Kombi do transporte escolar da Vicinal 2 da Vila Serra Dourada, em Caracaraí, pegou fogo na segunda-feira (Imagens: Reprodução)

A cena não poderia ser mais emblemática. Enquanto a questão do transporte escolar se tornou um grande problema nas escolas do interior e comunidades indígenas da rede estadual de ensino, uma Kombi que fazia o transporte de estudantes na Vicinal 2 da Comunidade Serra do Dourada, no Município de Caracaraí, a Centro-Sul do Estado, pegou fogo no meio da estrada. Nem extintor havia, com o motorista tentando apagar o fogo com um balde de água.

Pelo que se pode analisar, esse incidente poderia ter custado a vida de estudantes, uma vez que não há fiscalizações eficientes para identificar a situação dos veículos que atuam nas mais distantes regiões e cobrar o que exige a legislação no que diz respeito à manutenção regular para garantir seu bom funcionamento e a segurança, com revisões periódicas, incluindo aí o sistema elétrico.

Mas essa questão é apenas um dos problemas que se arrastam há muito tempo quando se trata de empresas contratadas para realizar o transporte escolar em Roraima. Auditorias realizadas em outros tempos já vinham identificando irregularidades na execução dos serviços e, mais recentemente, cobranças indevidas por rotas não realizadas.

O Departamento de Apoio ao Transporte Escolar da Secretaria Estadual de Educação (Seed) inclusive apontou, em julho deste ano, que empresas de oito municípios haviam cobrado R$ 4,3 milhões por rotas não cumpridas: Amajari, Normandia, Caracaraí, Uiramutã, Pacaraima, Mucajaí, Cantá e também na zona rural de Boa Vista.

Não só isso. Foi apontado ainda negligência com a segurança dos estudantes, com motoristas sem habilitação pertinente ou sem o curso obrigatório para transporte escolar, bem como veículos com mais de sete anos de fabricação (o que parece ser o caso da Kombi incendiada em Caracaraí), documentação vencida ou em situação irregular.

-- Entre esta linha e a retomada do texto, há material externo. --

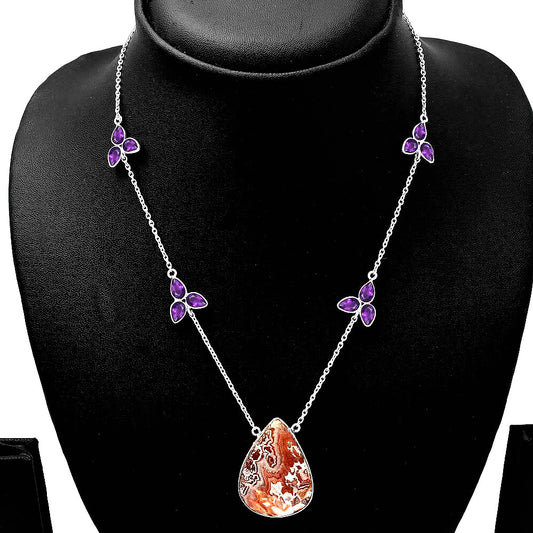 Rosetta Picture Jasper & Amethyst Necklace N-1004 SDN1766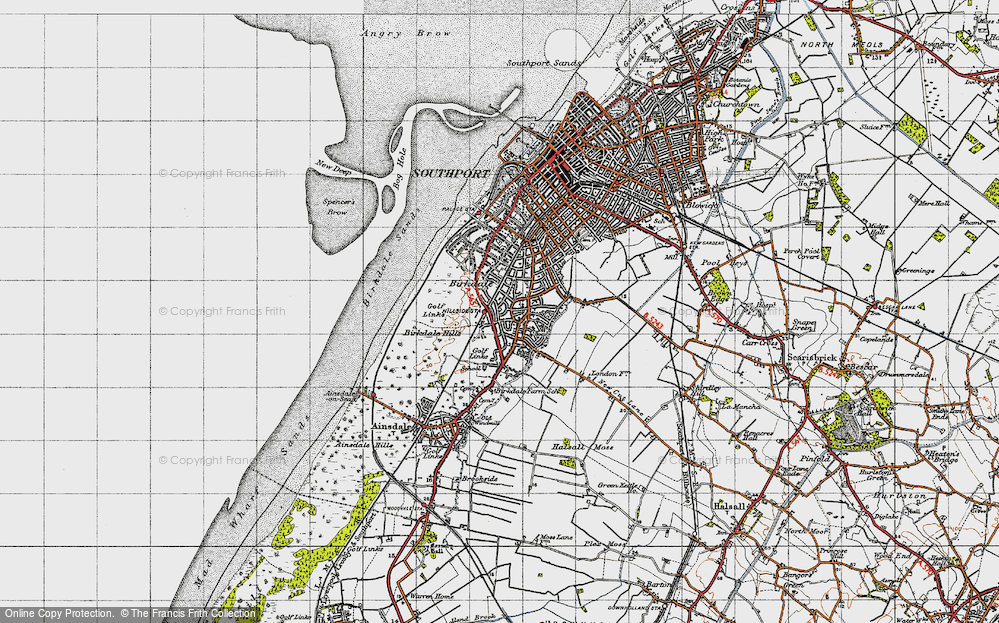 Old Map of Historic Map covering Birkdale Sands in 1947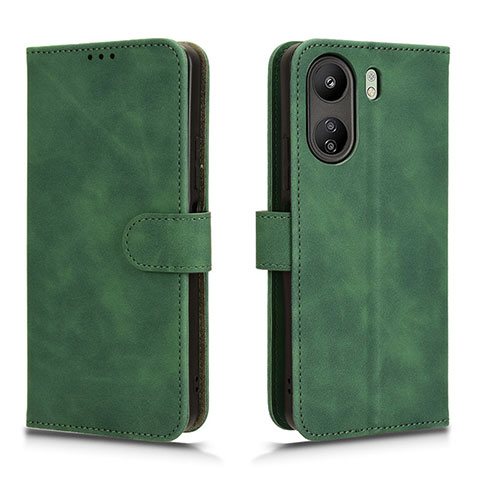 Coque Portefeuille Livre Cuir Etui Clapet L01Z pour Xiaomi Poco C65 Vert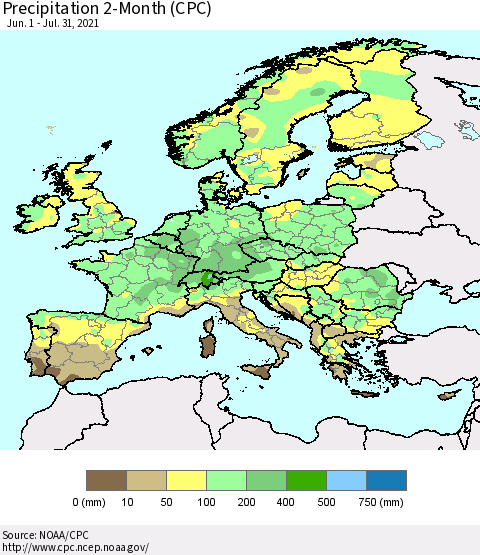 Europe Precipitation 2-Month (CPC) Thematic Map For 6/1/2021 - 7/31/2021
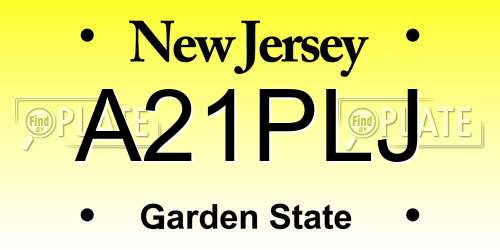 A21PLJ New Jersey License Plate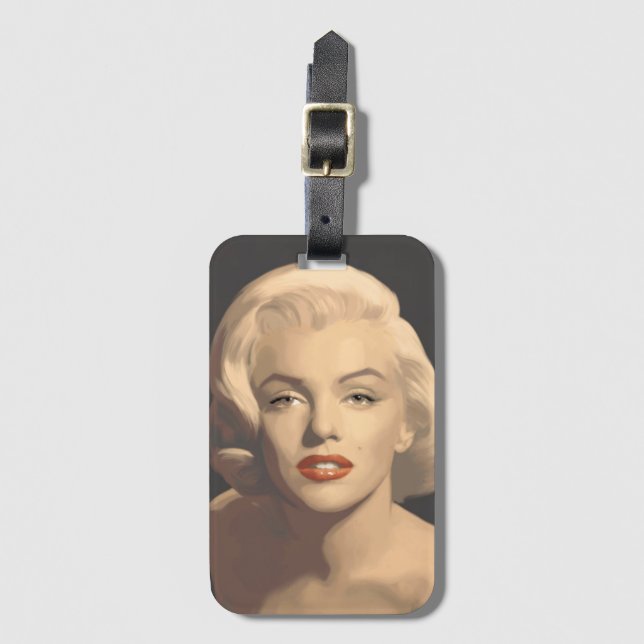 Graphic Grey Marilyn Luggage Tag (Front Vertical)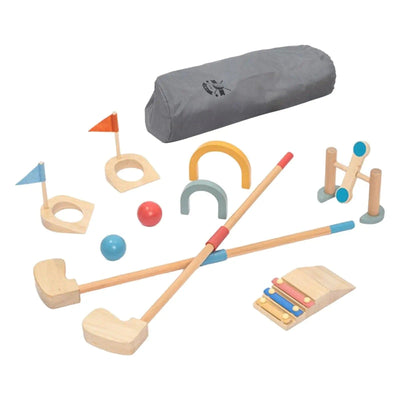 Fidtoy Ensemble de golf en bois pour enfants 3+ Jeu actif intérieur et extérieur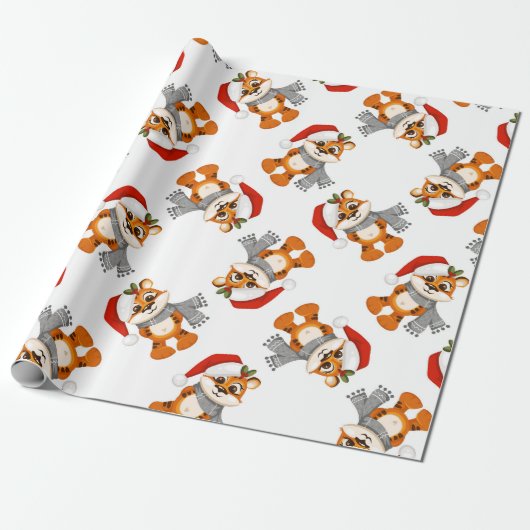 Papier Cadeau Noël Racoon Père Noël (Déroulé)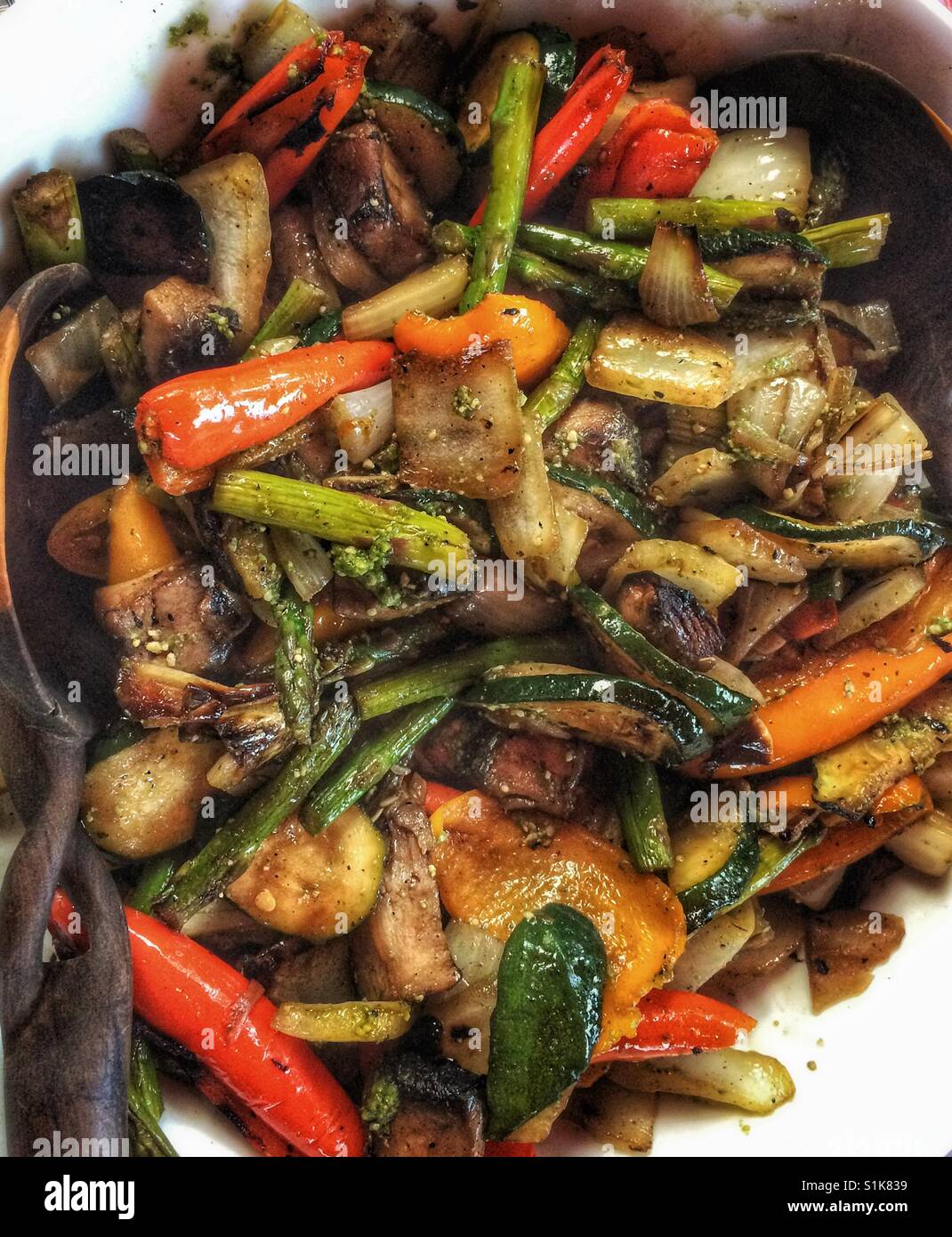 Mixed grilled vegetables. Stock Photo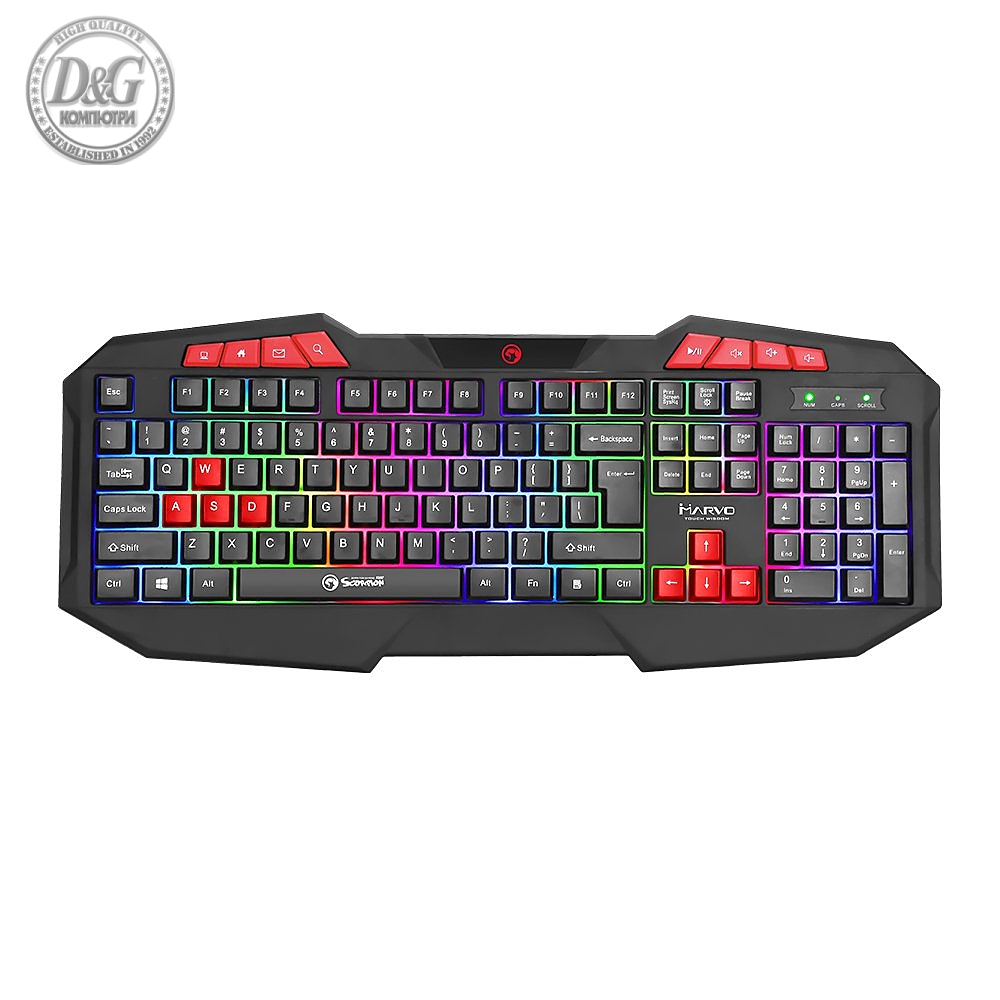 Marvo геймърска клавиатура Gaming Keyboard  112 keys - K602 - Rainbow backlight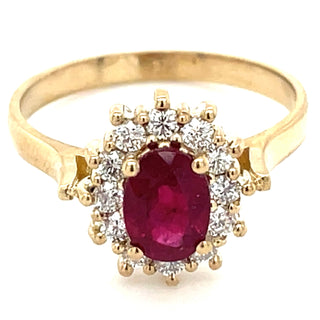 9ct Yellow Gold Oval Ruby & Diamond Cluster Ring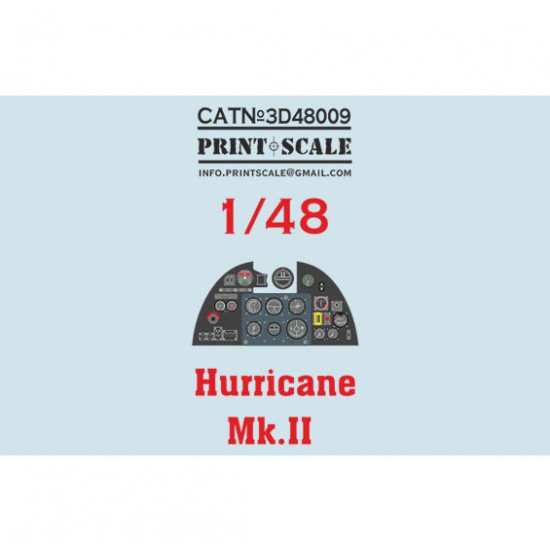 3D Decal for 1/48 Hurricane Mk.II Instrumental Panel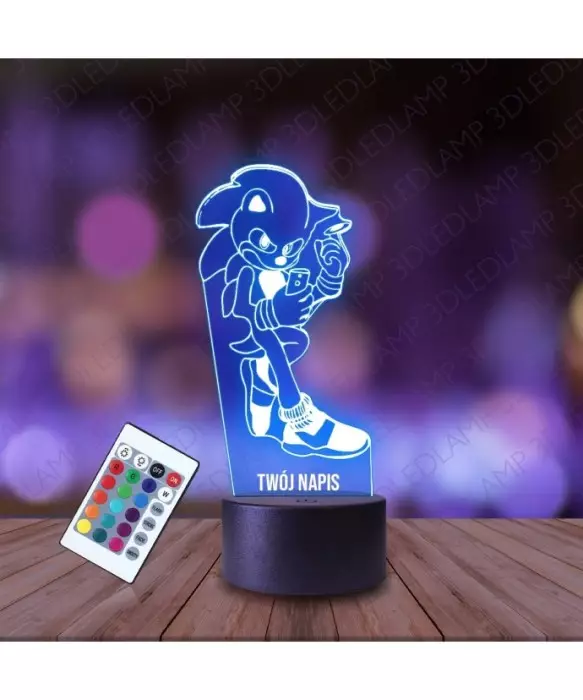 Lampka Nocna 3D LED LAMP Sonic Błyskawica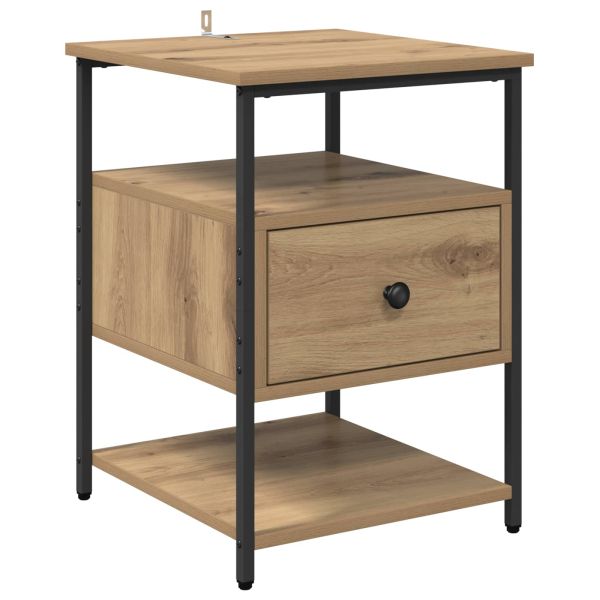 Нощен шкаф с чекмедже 2 pcs Дъб 40 x 42 x 56 см Инженерно дърво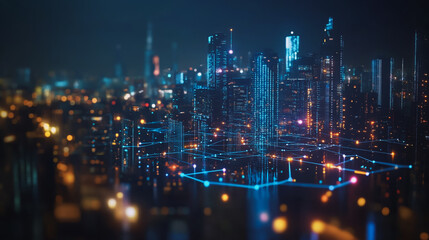 Fototapeta premium Night lights, a city of modern business and smart digital innovation with a network of interconnected rewards over the cityscape of the future smart wireless digital city and social media network that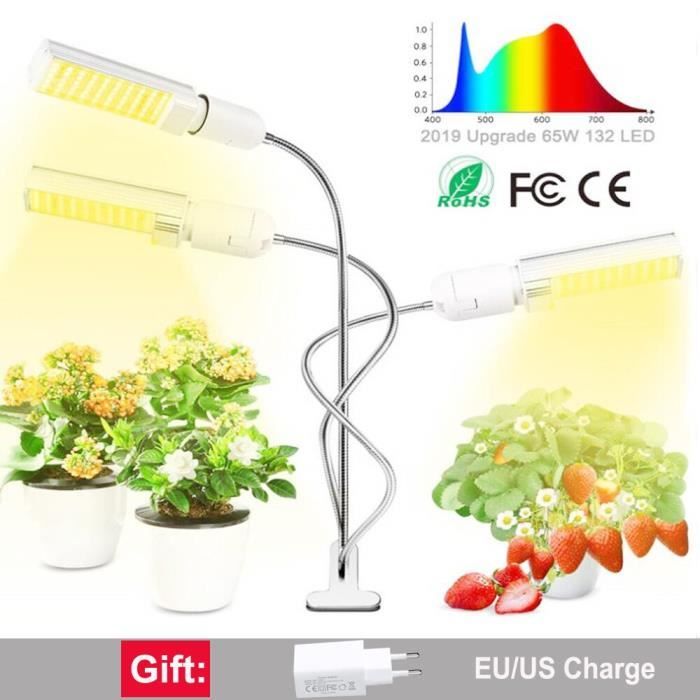 pour plante d'intérieur Hydroponic,Consommation 65W/Heures 600W Lampe LED Horticole,avec Samsung LEDs et Bouton de Gradation,Spectre Complet Lumière végétale Horticole Lampe de Croissance des plante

Não se sabe que fim levaram os 19 processos abertos pela Seed, na época, para apurar os danos aos cofres públicos e apontar os responsáveis pelos supostos esquemas. Inclusive o Ministério Público de Contas (MPC) abriu investigação a respeito da cobrança indevida feita por donos de empresas de transporte escolar.

O que se sabe, de verdade, é que os esquemas no transporte escolar vêm de longas datas, conforme revelou a Operação Zagarata, deflagrada pela Polícia Federal em dezembro de 2019, que investigou um desvio milionário de verbas do transporte escolar. Em um dos contratos, no valor de R$78 milhões, os pagamentos irregulares chegavam a R$50 milhões.

A Justiça não deixou esse caso impune, o qual ocorreu na gestão da então governadora Suely Campos, que sofreu intervenção federal e não concluiu o mandato, que foi cercado por outros casos de corrupção, inclusive no sistema prisional. No caso do escândalo do transporte escolar, os ex-secretários estaduais de Educação Aline Karla Lira de Oliveira e Shiská Pereira foram condenados pela Justiça Federal a mais de 19 anos de prisão.

Com eles foram condenados o chefe da Divisão de Transporte Escolar, o diretor do Departamento de Apoio ao Educando (DAE), o gerente administrativo da empresa Diamond que alugava os veículos e o contador da referida empresa. Conforme os autos do processo, os envolvidos no esquema falsificavam documentos de prestação de serviços e licitações.

Como é possível notar, quando se trata de Educação, os escândalos não param por aí e avançam sobre aquisição de material de didático, merenda escolar, obras de reforma e ampliação, além de outros setores. Uma Kombi queimada no meio de uma vicinal é tão somente uma pequena ponta do que tudo isso representa.